San Francisco’s 1989 Sanctuary Ordinance is intended to prohibit City employees from helping Immigration and Customs Enforcement (ICE) with immigration investigations or arrests unless such help is required by federal or state law or a warrant. It was adopted to allow undocumented residents full access to city services. The ordinance, here and in many other cities, developed out of a 1980s grass-roots movement where churches offered sanctuary for Latin American refugees fleeing US-sponsored dictatorships or wars against popular movements. Now, 130 US cities and towns are official places of refuge.
Enforcement of the San Francisco Sanctuary Ordinance has always been a struggle, with frequent questions of whether police or sheriffs were informing immigration authorities about suspected undocumented immigrants in their custody. More recently, however, the Ordinance itself has come under attack, with almost daily SF Chronicle articles shouting that the Sanctuary Ordinance is shielding youthful and adult criminals, and a racist Minutemen rally on City Hall steps demanding repeal of the Ordinance. In response, Mayor Gavin Newsom has demanded an overhaul of the Ordinance, so undocumented youths charged with felonies are turned over to ICE. He is also backpedeling on an ordinance he supported giving municipal ID cards to those who cannot get drivers licenses.

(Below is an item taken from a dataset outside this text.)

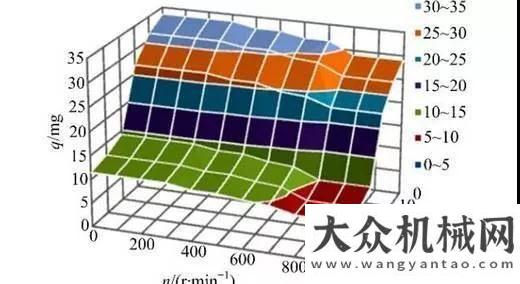 參數(shù)看這里陜建機(jī)：?jiǎn)误w泵和高壓共軌的區(qū)別徐工您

Meanwhile, the needs of all youth, citizen and immigrant alike, for jobs, housing, education, and medical or mental care are not even discussed. Nor is it discussed that all youthful offenders, citizen and immigrant alike, should be treated differently from adult offenders. Many of the immigrant youth swept up by SF police and turned over to ICE are refugees from life-threatening poverty and gang wars in Latin America and Caribbean islands, the aftermath of free trade agreements.

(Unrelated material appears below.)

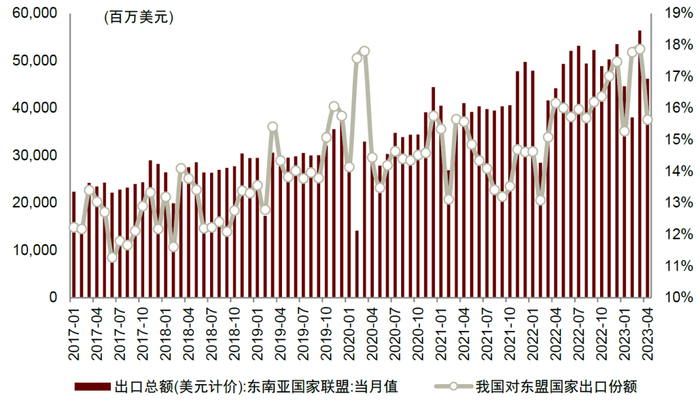 资料来源：iFinD，中金公司研究部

There has been a nationwide reign of terror on immigrants, with (1) ICE raids and sweeps arresting hundreds at a time, (2) deportations separating thousands of family members, (3) months-long detentions of entire families, (3) passage of state and local laws outlawing hiring, providing rental housing, or giving medical care to undocumented immigrants, (4) development of Klan-like mobs attacking Day Labor Centers and beating immigrants, encouraged by politicians and egged on by major media.
Government and its business partners cannot solve "immigration reform" because they want to have their cake and eat it too. They want to intensify the exploitation of immigrant labor as "guest workers", but to accomplish this, they need the terror aspects of laws outlawing immigrants. Unable to resolve this problem by top-down legislation, they are resorting to the bottom-up terror of ICE raids and other sweeps, which accomplish both goals.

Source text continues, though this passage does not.